Nightly lineups consist of a Mexican opening act and a "big name" main concert, with nearly all shows fusion-oriented. Nothing in this year's lineup offered listeners any obvious sounds of Mexico or much approaching straight-ahead jazz.

"We're starting people with (fusion) so they're not afraid to get into that kind of music," said Fernando Toussaint, a drummer who has played in all of the festivals and serves as its director.

All of the headline performers said they planned to play regular shows without adoptions or tributes, arguing that's actually the best cultural contribution. Miller said he learned an important lesson in Brazil when his group assumed they needed to add a samba to the set, since they're part of every local band's playlist.

"But in Brazil everybody already plays a samba, so why should I play what they already know?" he said. "It's almost an insult. I think the important thing is to play what you bring."

Benson, the most anticipated visitor among locals I talked to, said "we're going to play all the hits" to please the crowd.

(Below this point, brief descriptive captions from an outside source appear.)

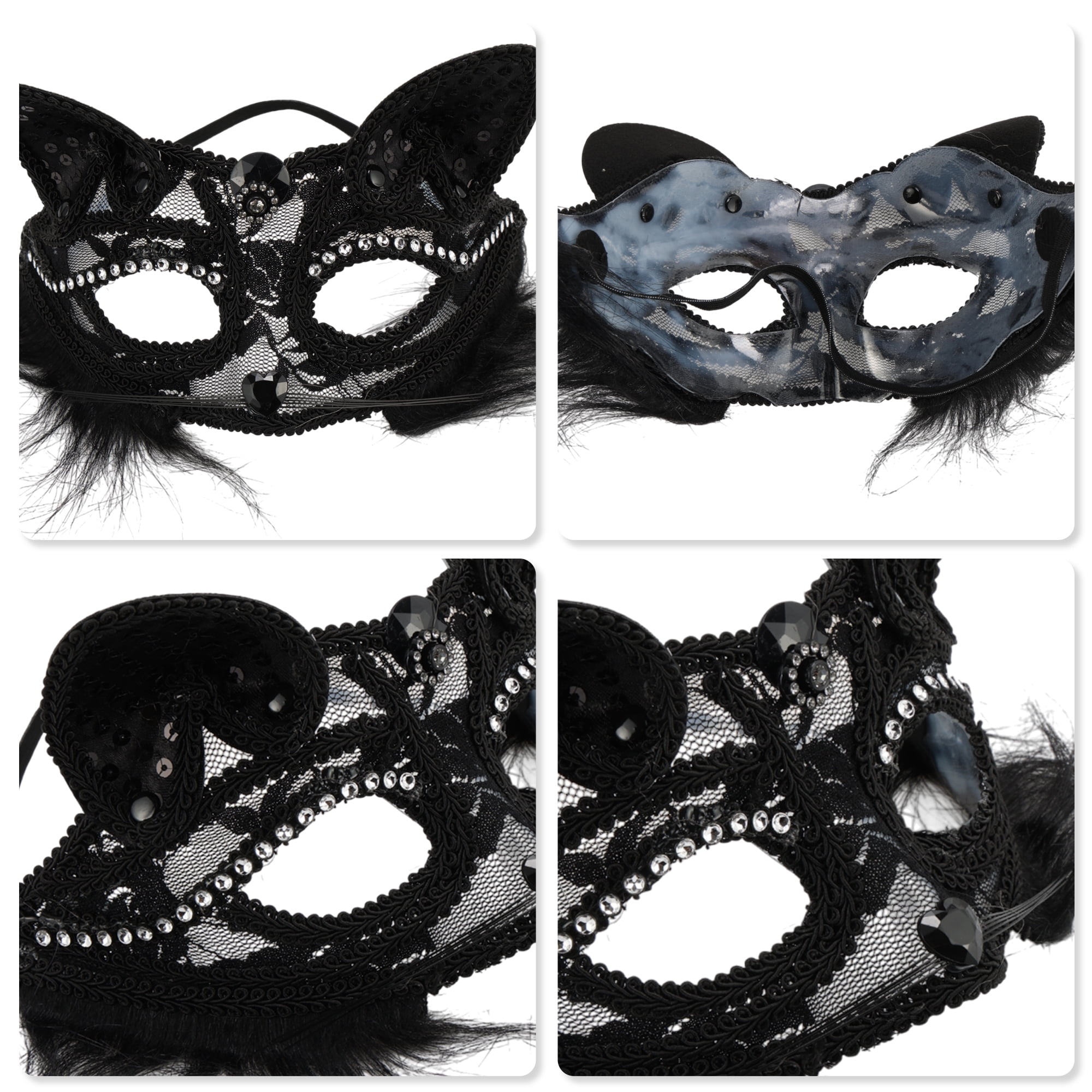 Unique Bargains 1 Pack Cat Party Mask for Themed Events Black Pattern 1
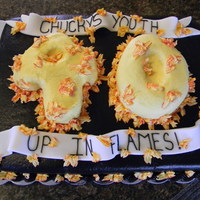 Over The Hill Forty On Fire This was done for a friend turning, obviously forty! I made the 4 and 0 out of carved cake. The cake is completely iced with BC and the...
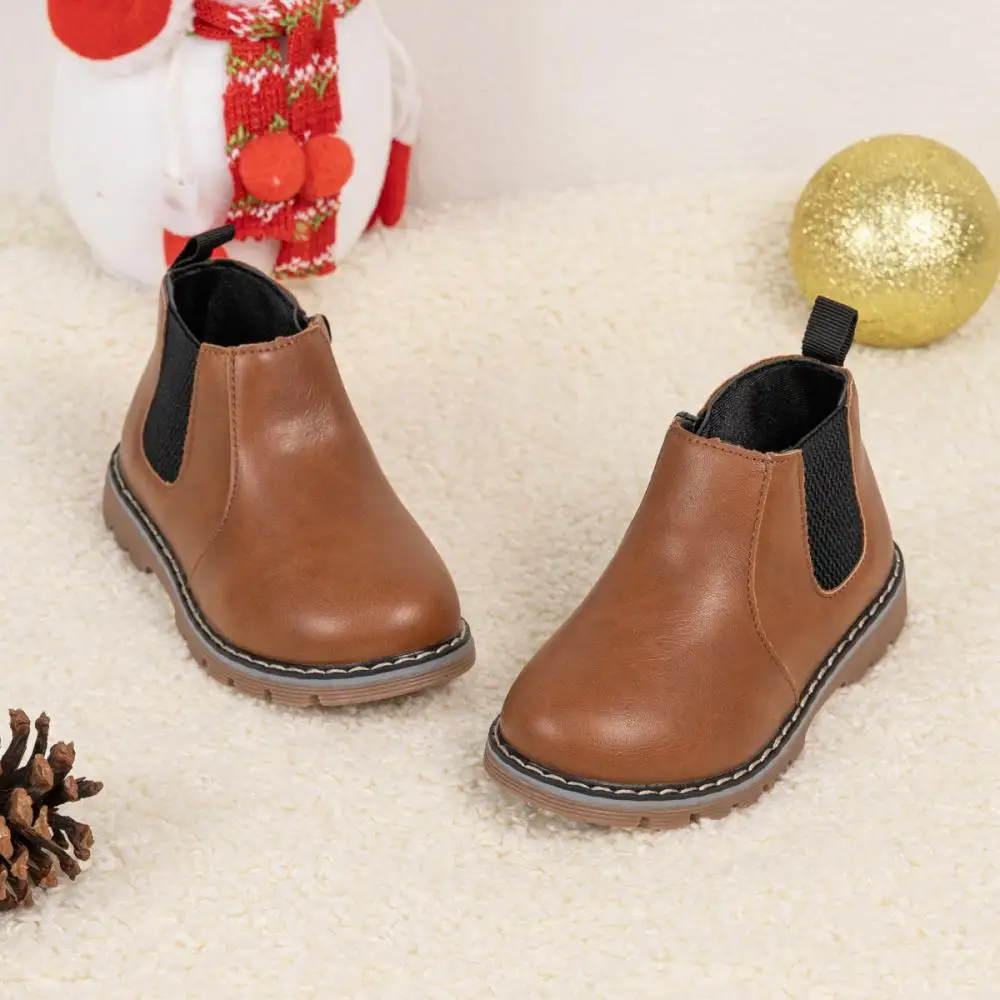 Meckior Solid Color Versatile Children's Boots Boys Girls Fashion Martin Boots Anti-Slip Soft Bottom Leather Casual Shoes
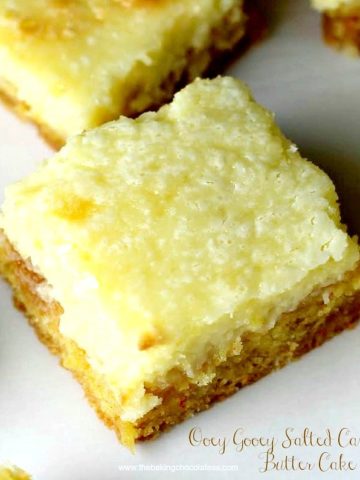Ooey Gooey Salted Caramel Butter Cake Bars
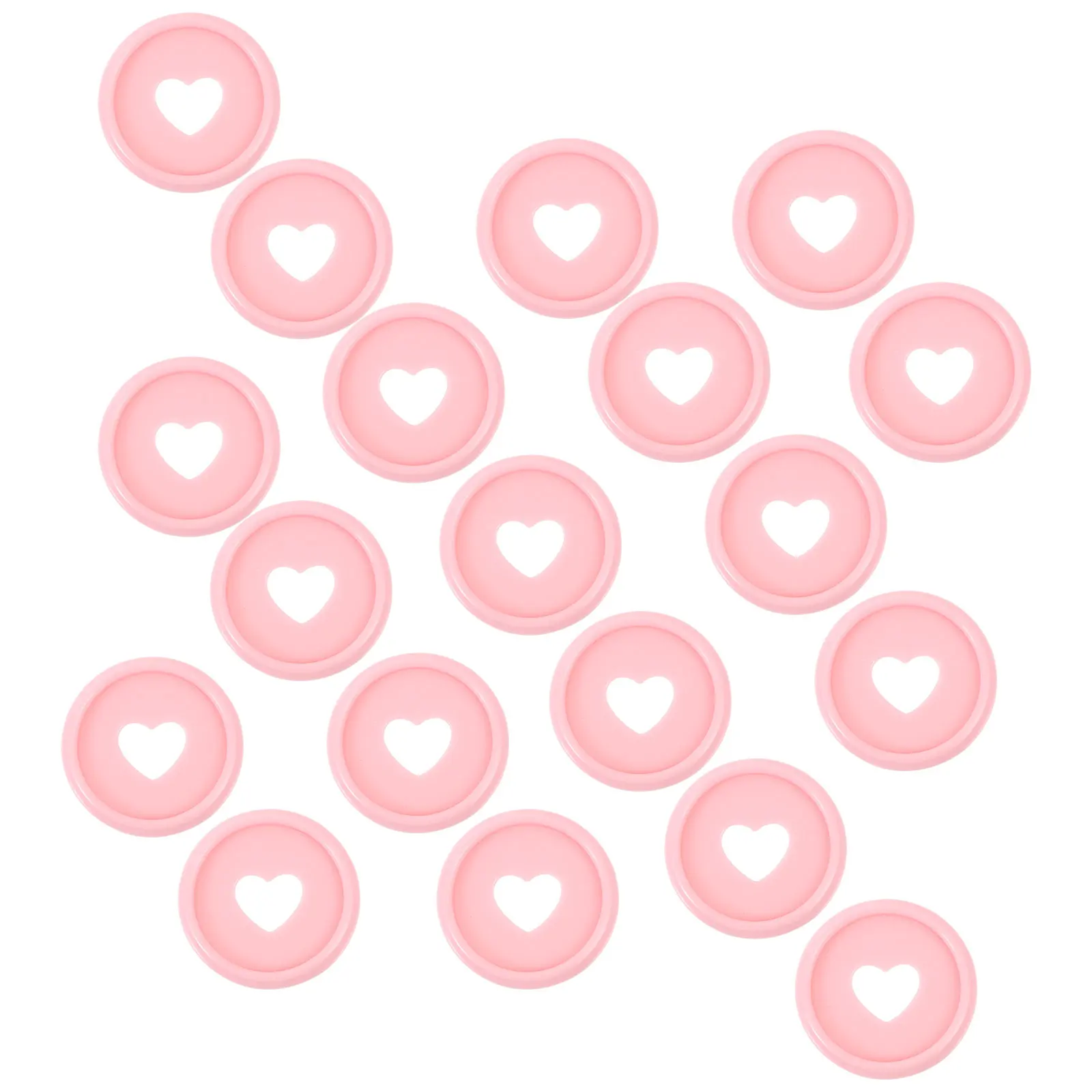 

50pcs Heart Shape Mushroom Hole Binding Discs 24mm Pink Plastic Notebook Binders Office Supplies Loose Leaf Student Teacher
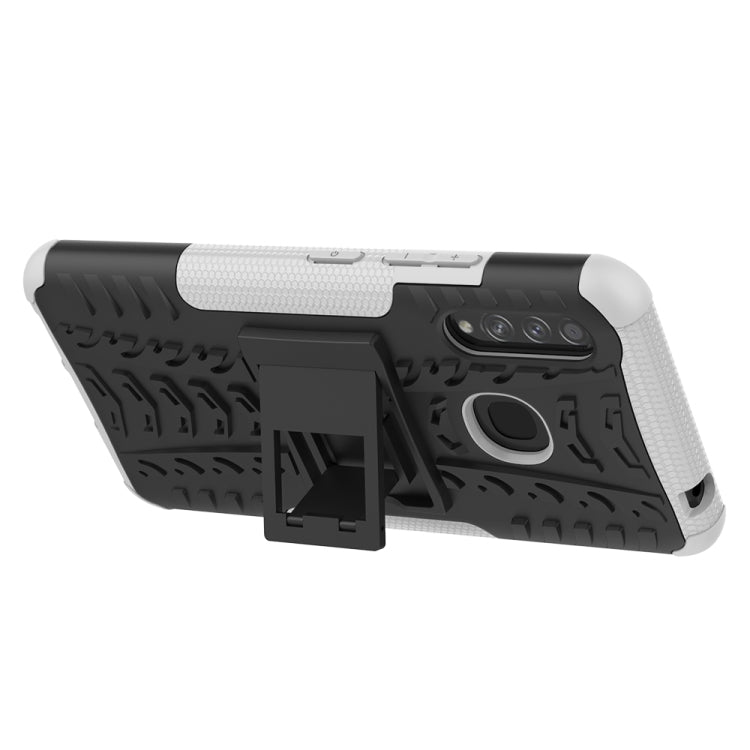 For Galaxy A70e Tire Texture Shockproof TPU+PC Protective Case with Holder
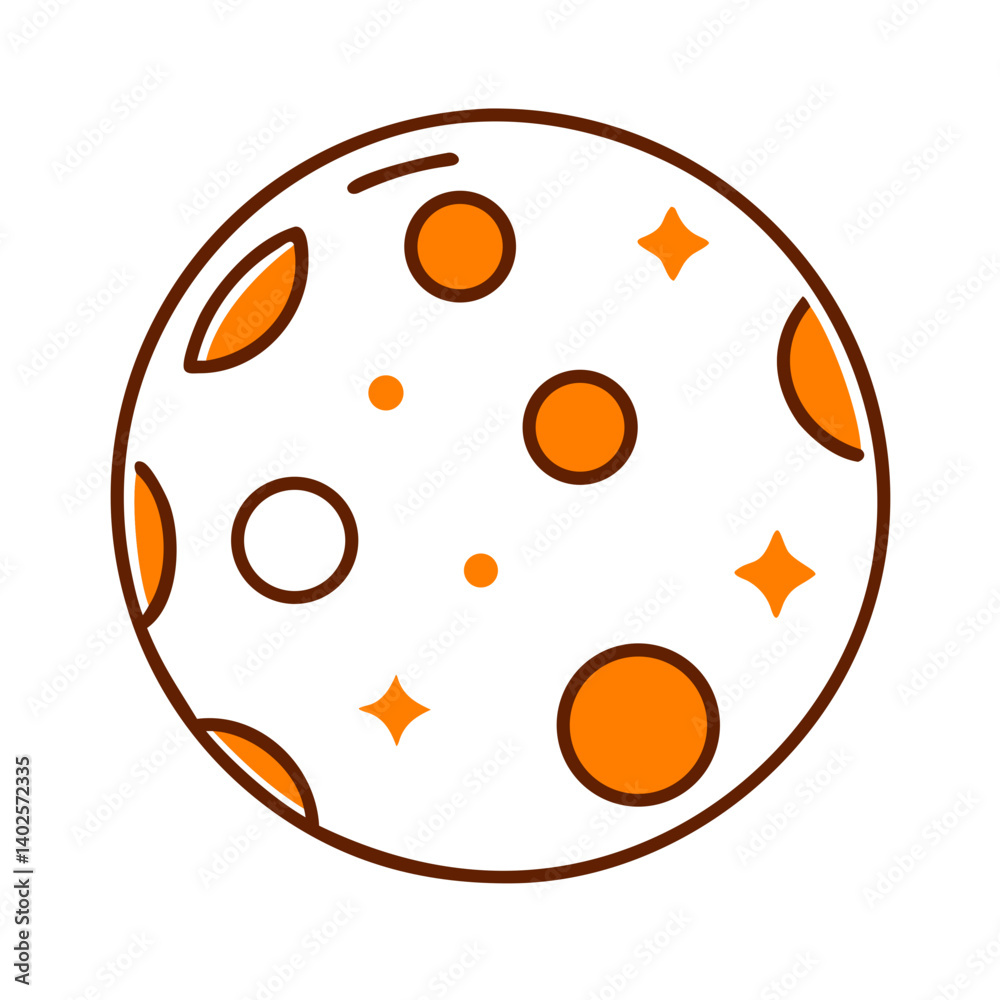 Obraz premium Full moon illustrated with orange spots and sparkles on a white background, celestial theme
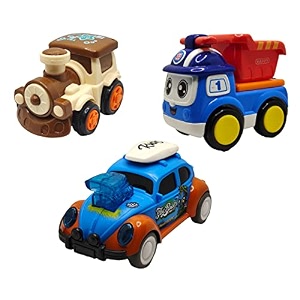 jo baby unbreakable four-wheel drive friction powered diecast train dumper amp dancing car blue toy set pack of 3
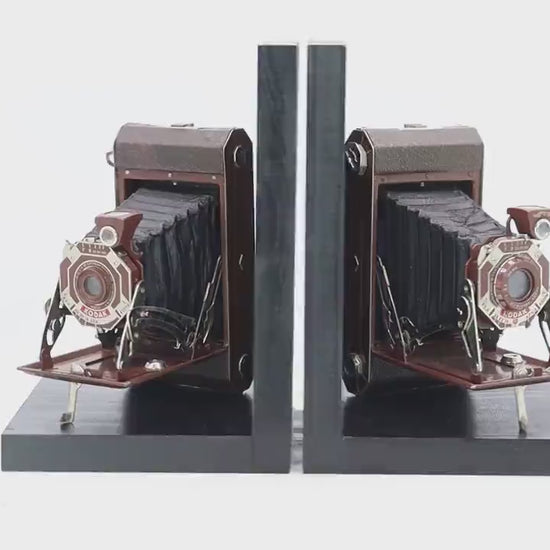Vintage Kodak Art Deco Folding Cameras - Antique Decorative Camera Bookends, Home Theater Décor, Movie Room, DVD Holder, Ecofriendly Gift
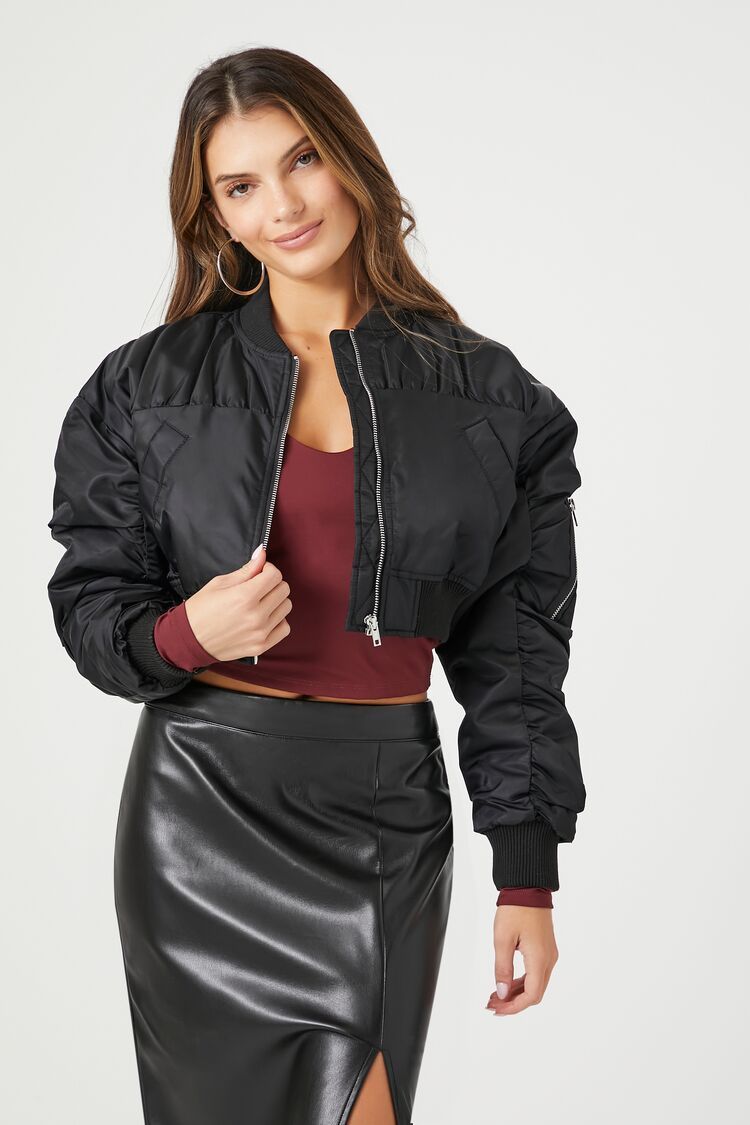 Ruched-Sleeve Cropped Bomber Jacket | Forever 21 (US)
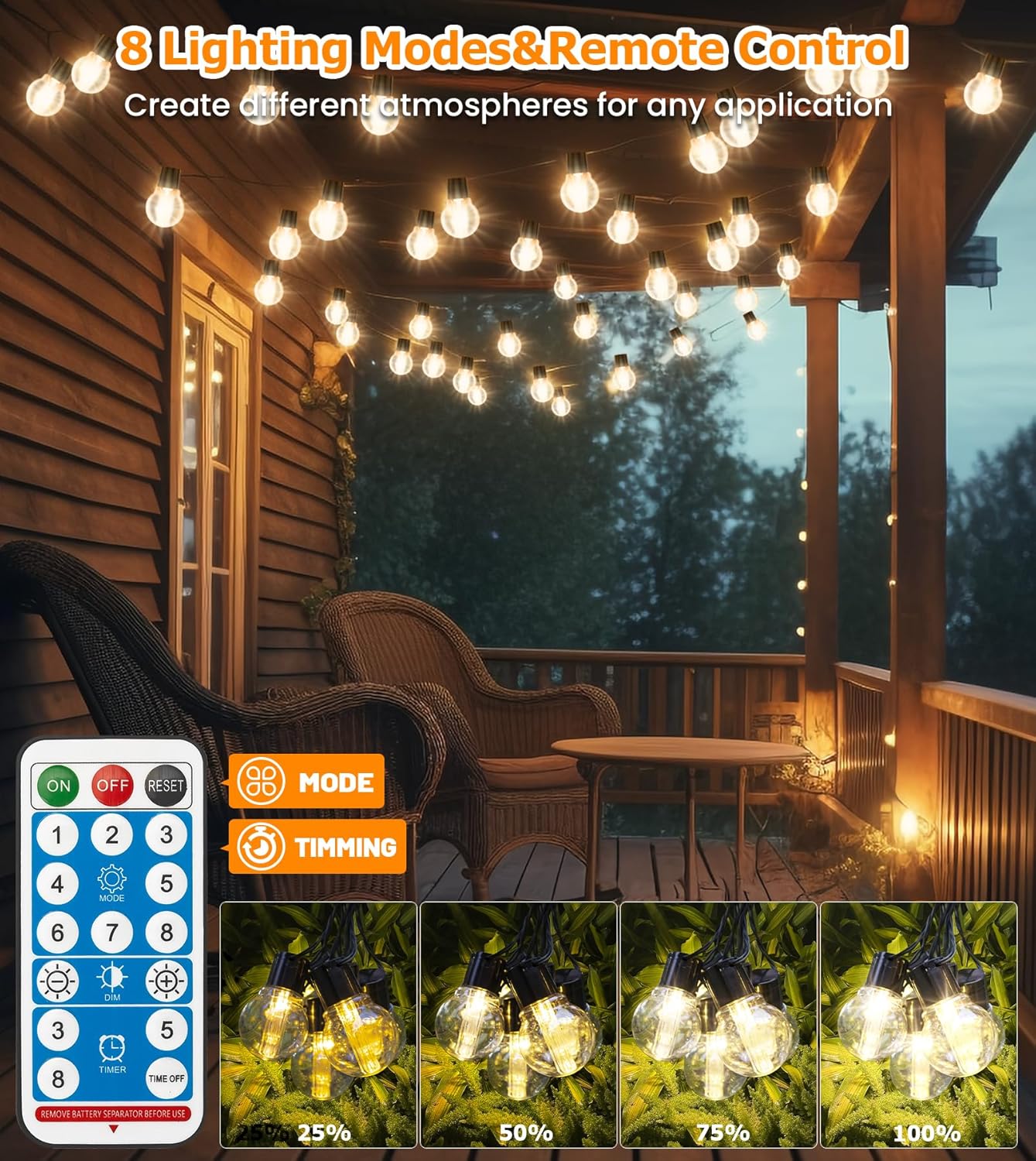 Lithom G50 Solar Festoon Lights – Outdoor Waterproof LED String Lights for Garden, Patio & Parties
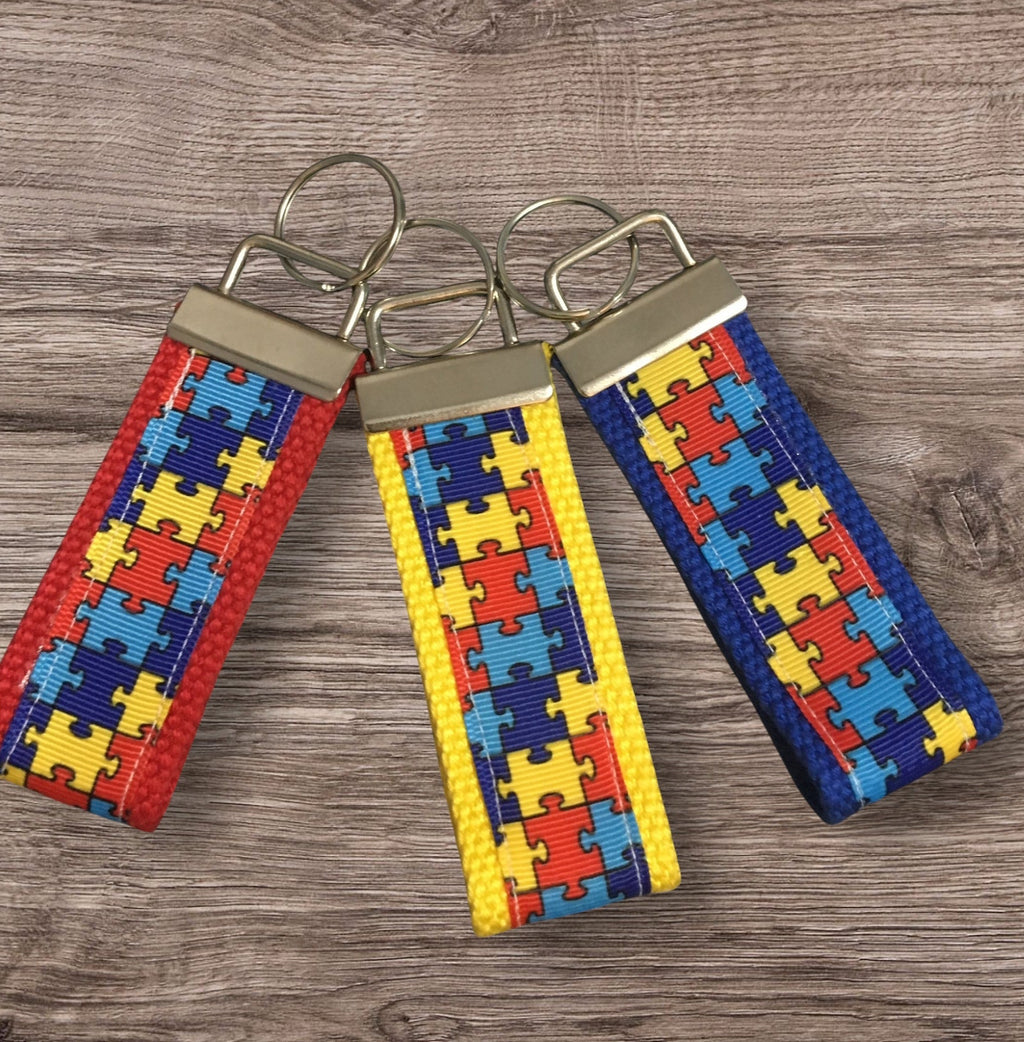 Personalized Autism Awareness inspired Key Fob or Wristlet - 2 sizes available ** Free Embroidery Available**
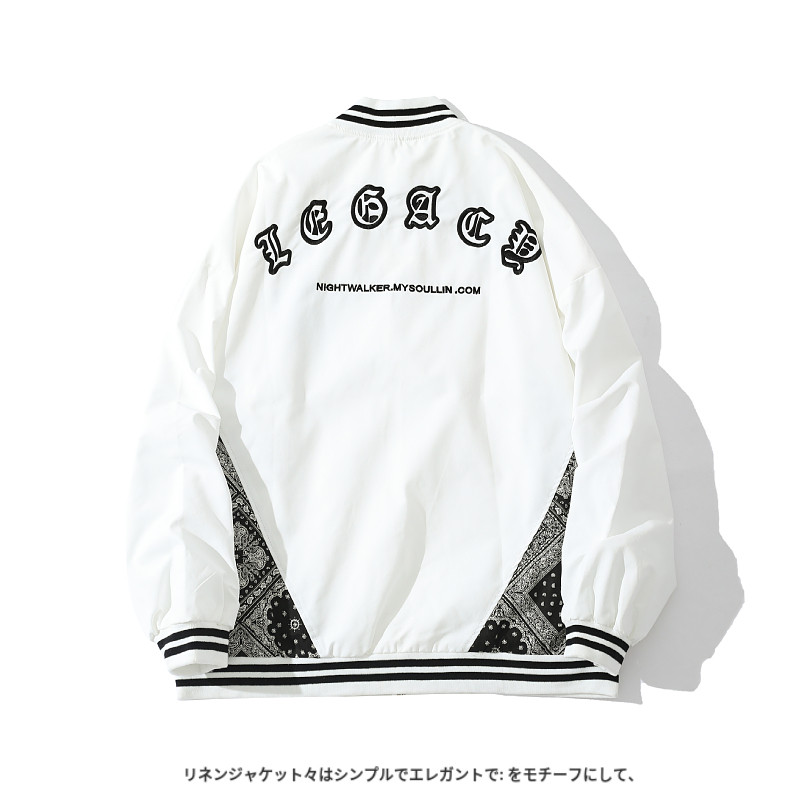2023白底平铺 日系宽松夹克美式工装棒球服 C309B-JK2614-P70图片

"I'm not to prove anything, (or) to make this day different than all other days," he said.

Derbez, in his historical narratives, derides a longstanding assumption that "Mexican jazz to be Mexican must syncopate songs like 'La Cucaracha,' 'Besame Mucho,' 'La Rielera,' 'El Jarabe Loco,' (and) 'La Bamba,' and must turn 'Take Five' into a jarabe or a huapango, 'All Blues' a bolero and 'When The Saints Go Marching In' a valona, a son, a corrido or something that can be played by norteno conjuntos and mariachis."

Such concepts don't apply to Toussaint, a self-taught musician who's spent most of his life listening to landmark old-school and fusion players.

"My grandpa used to listen to Miles Davis and all the big names in jazz," he said. "It was in the background all the time."

Toussaint and his brothers, Eugenio and Enrique, formed Sacbe, the first jazz group to create its own label in Mexico and among the first to use synthesizers (a four-disc set of more than 20 years' work can be heard and is available for as little as $6 at

"The biggest influence we had was Weather Report," he said. "I also like Frank Zappa."

He spends eight months a year organizing the festival mostly by himself, a job he's had since some locals with an interest in music and tourism approached him with the concept.

"It all started as a dream," he said. "It was like four or five people who thought about it...They knew I was a drummer, they knew I was a musician, so they thought I was ideal."

The beach setting presents logistical problems—the stage wasn't sheltered the first few years, among other things—but Toussaint said he prefers it to a performing arts facility.

"The production is complicated because of the sand and the humidity," he said. "But the scenery is so beautiful I want to keep it there."